The academic structure of Evergreen enables faculty members to know and feel their stake in the success of their program--and their stake in the success of the Evergreen idea. When the structure did not support our goals, it was changed, and it will be changed again as need arises.
In December 1985, the faculty adopted the governance structure described in the following pages. It is commonly referred to as the Faculty Governance Document.
ACADEMIC POLICY is the major concern of the faculty. The scope of faculty interest is the curriculum and matters that impact it; faculty working conditions; and the quality of our intellectual lives. The main issues in this area are curricular content and forms of instruction (in all programs, including summer, off-campus, part-time, and graduate programs); faculty hiring, evaluation, retention, and salary scales; matters of budget, space allocation and equipment for teaching; and standards and procedures for student admission, advising, award of credit, retention, and graduation. Ultimately the trustees are the makers of college policy; but given that the faculty is responsible for the academic quality and reputation of the college, it expects its collective recommendations concerning academic policy to be heard, considered, and taken with great seriousness by the deans, the provost, the president and the trustees.
The formal power of the faculty extends to a vote of no confidence in a policy, an administrator, or a governing, planning, or administering body.
The PROVOST is expected to bring matters that fall within the scope of the faculty interest before us by bringing them to the attention of the agenda committee on a regular basis.

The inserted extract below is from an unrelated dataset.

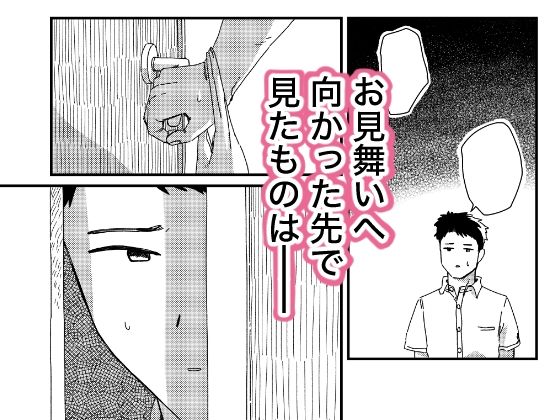 両腕骨折幼馴染のお手伝い サンプル2ページ目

The DEANS are faculty members charged with academic administration. The deans are 'orchestrators' of the curriculum, the hiring, evaluation, and retention process, and the allocation of budgets, space and equipment. They work with the planning unit coordinators and planning units to articulate the curriculum. The structure of the deanery currently consists of two four-year deans and three three-year deans. A principal reason for the three-year positions is to give Evergreen faculty members experience which would qualify them as candidates for four-year positions. We must develop, encourage, and nurture administrative talent within our own ranks, particularly by agreeing that serving as dean is an important faculty responsibility. Candidates for three-year and four-year dean will be solicited from within the faculty in the fall of the year preceding their term, and a decision on those candidates will be made in December. If a search for a four-year dean generates an inadequate pool or fails, another search will begin in January, to which external candidates may apply. Candidates for three year dean will continue to be selected from among the faculty.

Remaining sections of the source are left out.